Anti-ICE protest draws massive crowd at South Portland facility, feds deploy tear gas
Thousands of protesters marched through South Portland and enveloped the blocks around the Immigration and Customs Enforcement building Saturday, sparking now-familiar confrontations with federal agents.
Demonstrators were met with large clouds of tear gas, pepper balls and rubber bullets soon after their arrival, moments after some in the crowd crossed the building’s property line and approached its security gate. Federal agents also set off flash-bang grenades.
Portland police blocked off the roads near the South Portland facility and said there were a “large amount of police resources in place.”
Protesters participating in the “Labor Against ICE” rally, organized by local unions, marched from Elizabeth Caruthers Park to the ICE building around 3 p.m., converging with a crowd of bicyclists riding to honor Alex Pretti, an intensive-care nurse who was fatally shot by Border Patrol officers in Minneapolis last week.

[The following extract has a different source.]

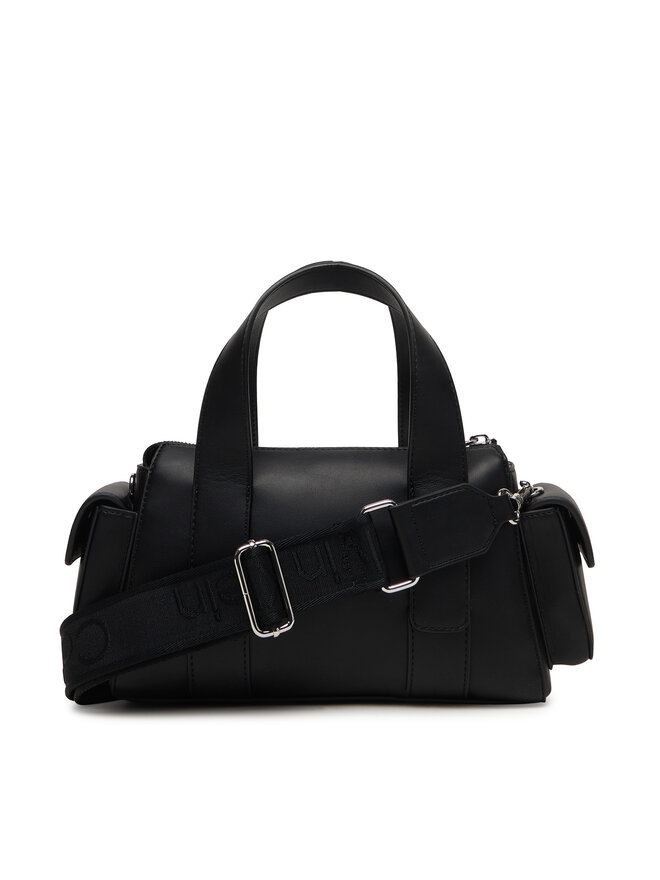 Calvin Klein Handtasche Calvin Klein Webbing Strap Pocket Bag LV04F3291G Schwarz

Union members led the march, and there were children among the marchers.
Portland City Councilor Mitch Green posted on social media that he was in the crowd when the munitions were deployed.
“I just got tear gassed along with thousands of union members, many of whom had their families with them,” Green wrote. “Federal agents at the ICE facility tear gassed children. We must abolish ICE, DHS, and we must have prosecutions. I expect to see enforcement of our city code prohibiting the use of tear gas.”

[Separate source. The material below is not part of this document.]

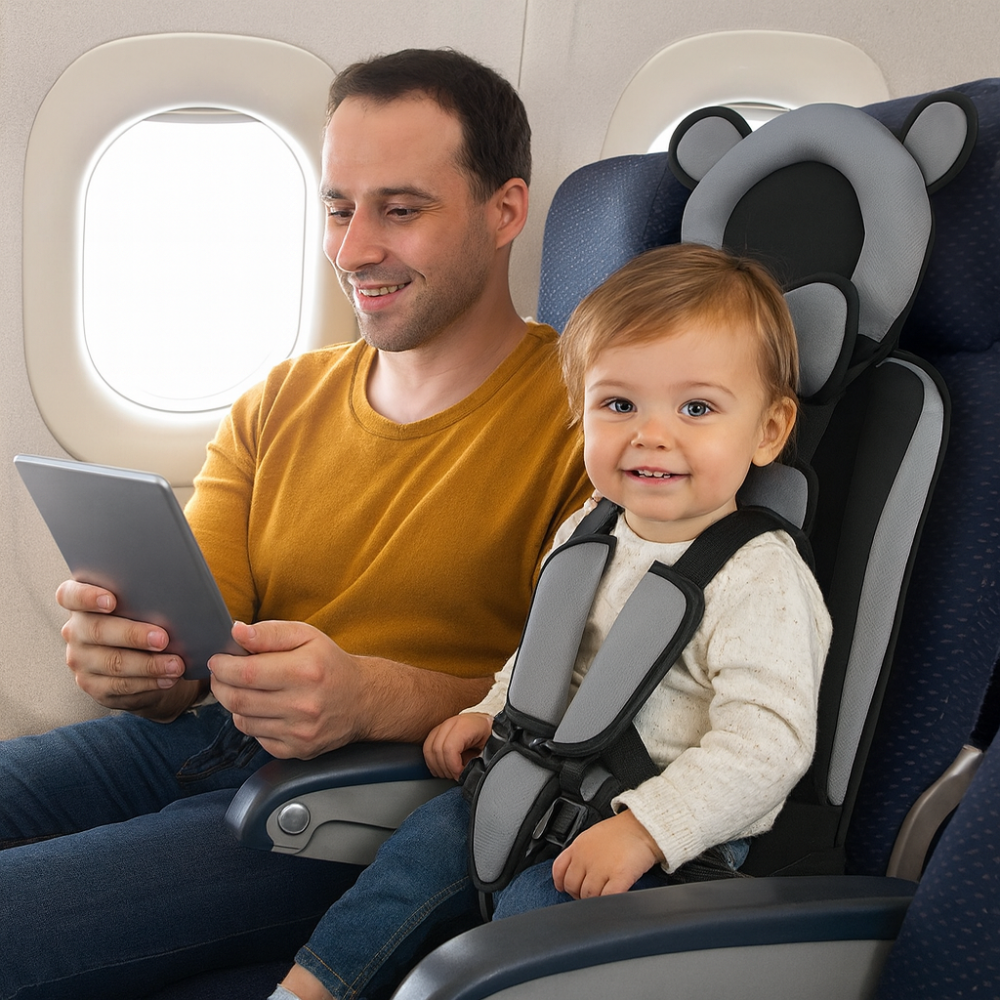 BowLift | Portable Baby Travel Seat Harness Car Airplane Safety Chair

The gas and other crowd-control weapons dispersed much of the crowd, leaving only a couple hundred outside the facility.
But tense confrontations continued. An hour after the first tear gas deployment, people in the crowd pushed a large trash bin toward the facility’s security gate.

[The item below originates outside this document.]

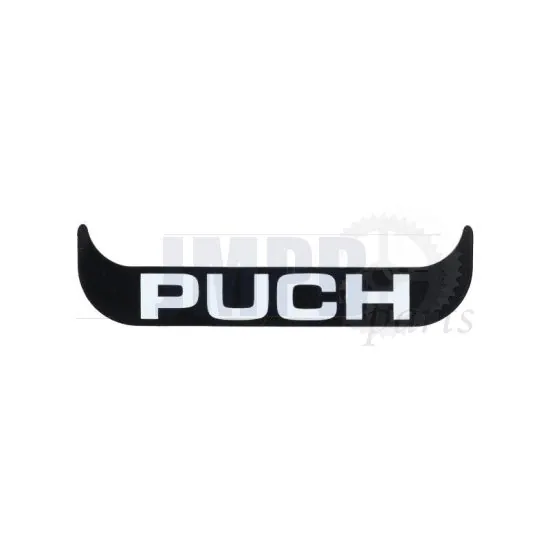 Sticker License Plate Holder Small Puch Text Black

Federal agents emerged soon after, firing off more crowd-control munitions, including tear gas.
The march comes one day after a nationwide strike calling for people to skip work, school and shopping to show their opposition to the Trump administration’s immigration crackdown. Protests across the country have ramped up since the deaths of Pretti, on Jan. 24, and Renee Good, who on Jan. 7 also was shot to death by an ICE officer in Minneapolis.
Protesters hung signs for a vigil for Pretti being held Sunday at 5 p.m. at Laurelhurst Park in Southeast Portland.
Police declared a riot in downtown Eugene on Friday after windows were broken at the Federal Building there. Police said protesters “breached the building and went inside.” Federal officers reportedly used tear gas to try to repel demonstrators from entering the building.
President Donald Trump on Saturday called the Eugene protesters “criminals” in a social media post, adding that he had ordered federal immigration agents to be “very forceful” in their protection of federal property.